Barbados measures 23km (14 miles) at it's widest point, is 34km(21 miles) long and covers a mere 416 square km(166sq miles). The population is 267,900 and growing.
While the legal tender is Barbados dollars, US dollars are accepted everywhere.
Full independence from British rule was granted on 30th November 1966.
Geographically, Barbados is not part of the arc of Caribbean islands since only the West Coast of the Caribbean lies in the Caribbean Sea. The North and East Coasts lie in the Atlantic Ocean and because of this these coasts have very high waves and strong currents.
Go diving in Barbados and you'll see Barracuda, 3 types of turtles, sea horses, sponges, mackeral and brightly coloured tropical fish.
Duty free shopping is available on the island - show your passport to purchase jewellery, electronic goods, alcohol, cigarettes and many other duty free items.
The fact that the island is made up of coral limestone and underlain by sedimentary rock means that most of its surface water runs off underground.The limestone rocks act as a filter for the underground water so when the water passes through these rocks, it is filtered. This is the main reason why the water is of a high quality.
Green monkeys run free on the island - they are considered a delicacy by some. If it isn't your cup of tea the island's national dishes are flying fish and cou cou. Despite global domination, MacDonalds has failed to find success on the island. Barbados claims to be home of rum and its Mount Gay brand is the oldest in the world. There are over 1000 rum shops on the island.
The only natural harbour is Carlisle Bay on the Southern Western coast which is extremely shallow and only accessible to light draught vessels.
Barbados has one of the highest literacy rates in the world - a staggering 98% of the population can read and write .
The island's oldest hotel, The Crane, opened in 1887.
There are few rivers on the island and with expectation of the Constitution River, all are located in the hilly parishes of St. Andrew and St.Joseph. This is because the rocks of the Scotland District are not permeable, forcing the water to settle on the surface.

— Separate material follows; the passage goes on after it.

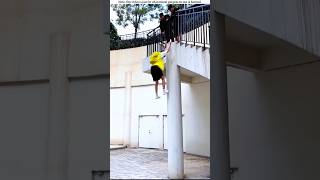 No one has ever been able to catch this thief😱 shortvideo amazingfacts [upl. by Irehc]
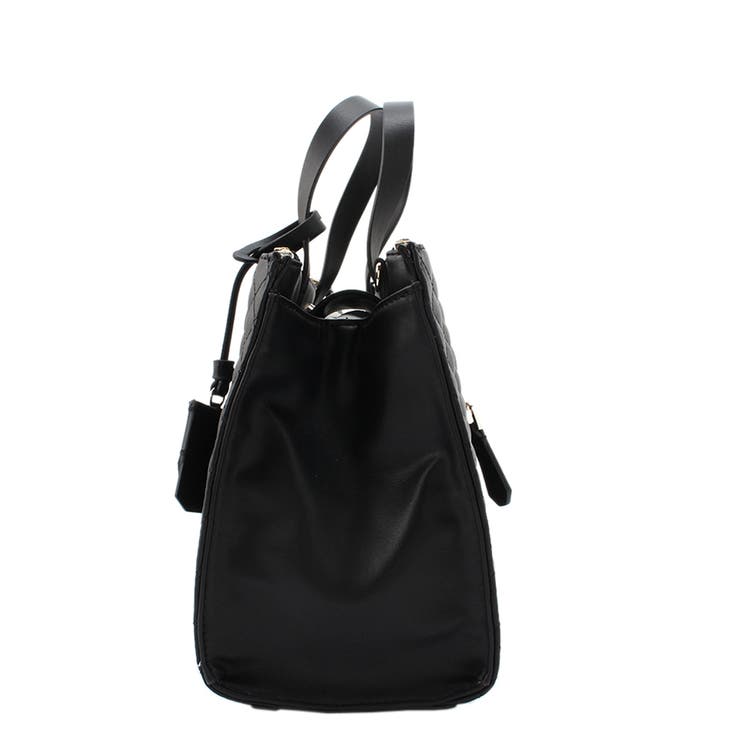 GUESS] G-LUX STATUS SATCHEL[品番：GUEW0001584]｜GUESS【WOMEN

The island is home to several caves, the most famous being Harrison's Cave and the Animal Flower Cave. The parish of St.Lucy, in the north, is known for its sea caves which are said to have been formed over 500,000 years ago. Prior to the settlement of Barbados in 1627, the island was covered in dense tropical rainforest. Unfortunately, almost all of this forest was cut down. Only two examples of this forest remain; Turner's Halls Woods and Joe's River Rain Forest.
Barbados is geographically divided into 11 parishes: St.Lucy, St.Peter, St.James, St.Joseph, St.Andrew, St.John, St.Thomas, St. George, Christ Church, St.Michael and St.Philip.
The capital of Barbados is Bridgetown. The principal commercial centre and also the largest and liveliest city in Barbados.
Calypso is the island's typical music, played on steel pan drums.